INPUT RECORDS
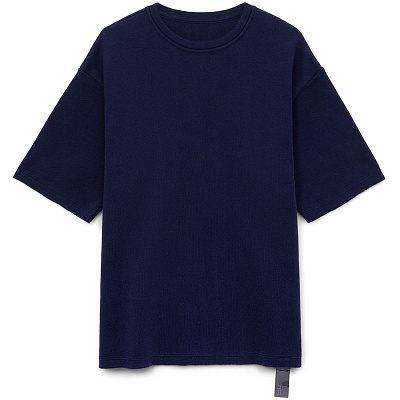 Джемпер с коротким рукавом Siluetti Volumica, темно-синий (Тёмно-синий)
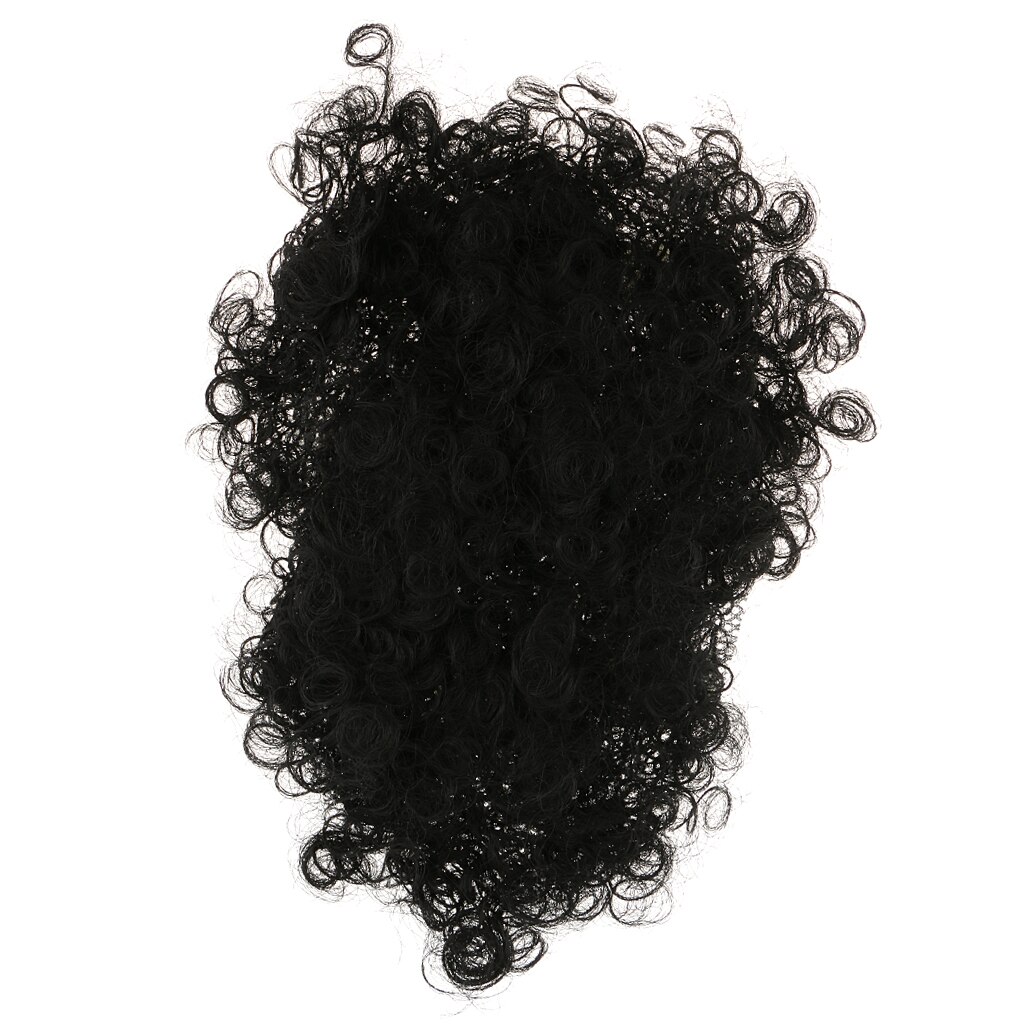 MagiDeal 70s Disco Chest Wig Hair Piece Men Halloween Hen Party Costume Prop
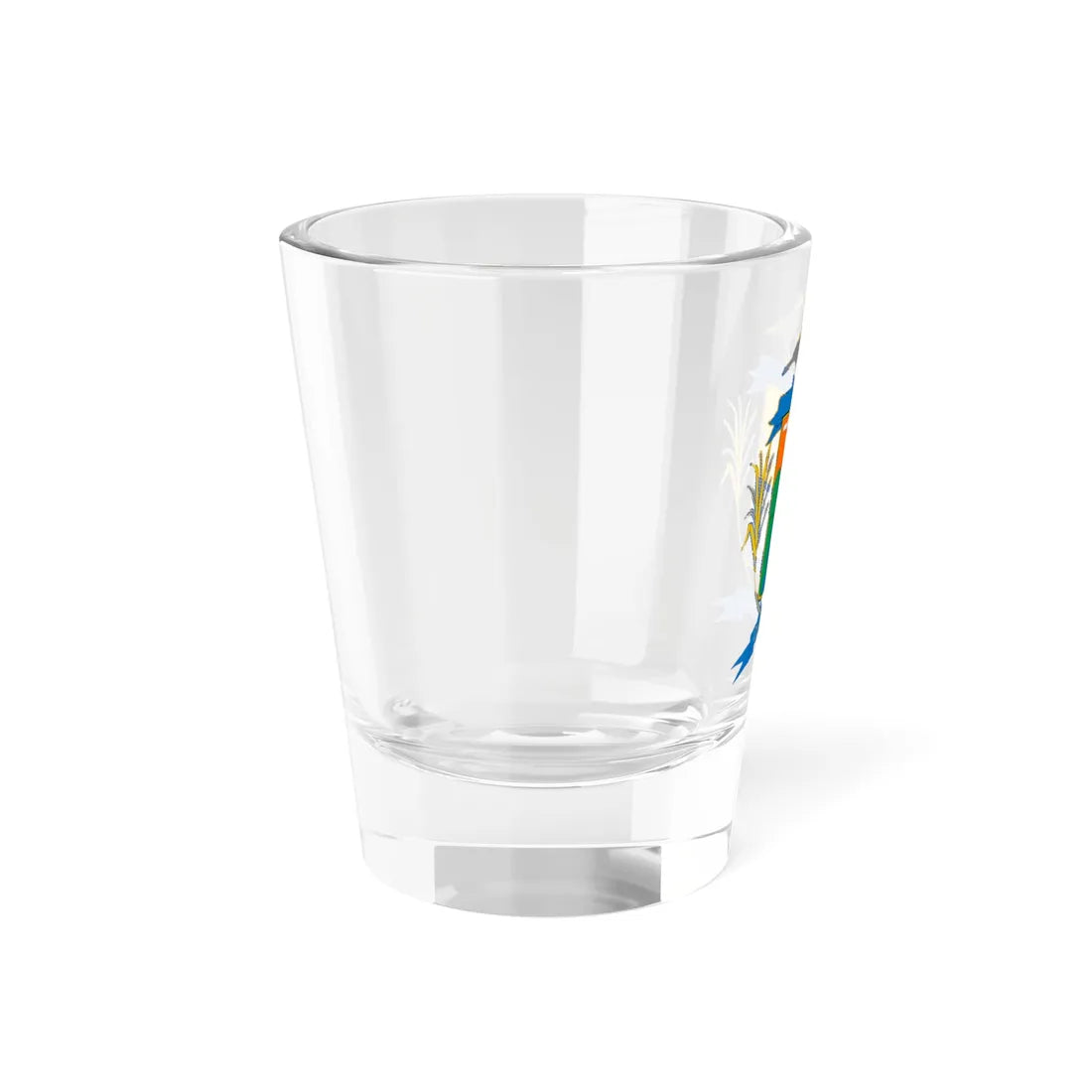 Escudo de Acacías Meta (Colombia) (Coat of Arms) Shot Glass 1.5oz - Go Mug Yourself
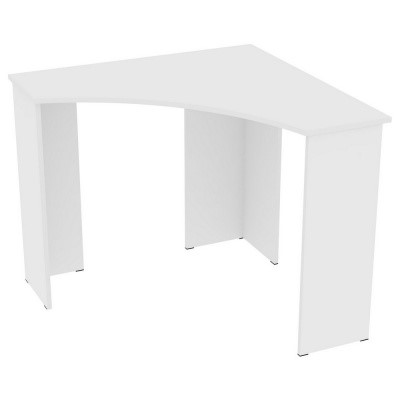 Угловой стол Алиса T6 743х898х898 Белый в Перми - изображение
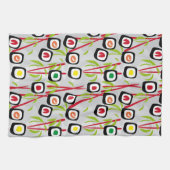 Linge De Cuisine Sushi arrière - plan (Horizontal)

PROBLEM
Please hand back every entry above exactly, with no images in the copy.

RESPONSE
 Джемпер с коротким рукавом Siluetti Volumica, темно-синий (Тёмно-синий)
 MagiDeal 70s Disco Chest Wig Hair Piece Men Halloween Hen Party Costume Prop
 Escudo de Acacías Meta (Colombia) (Coat of Arms) Shot Glass 1.5oz - Go Mug Yourself
 Угловой стол Алиса T6 743х898х898 Белый в Перми - изображение
 Linge De Cuisine Sushi arrière - plan (Horizontal)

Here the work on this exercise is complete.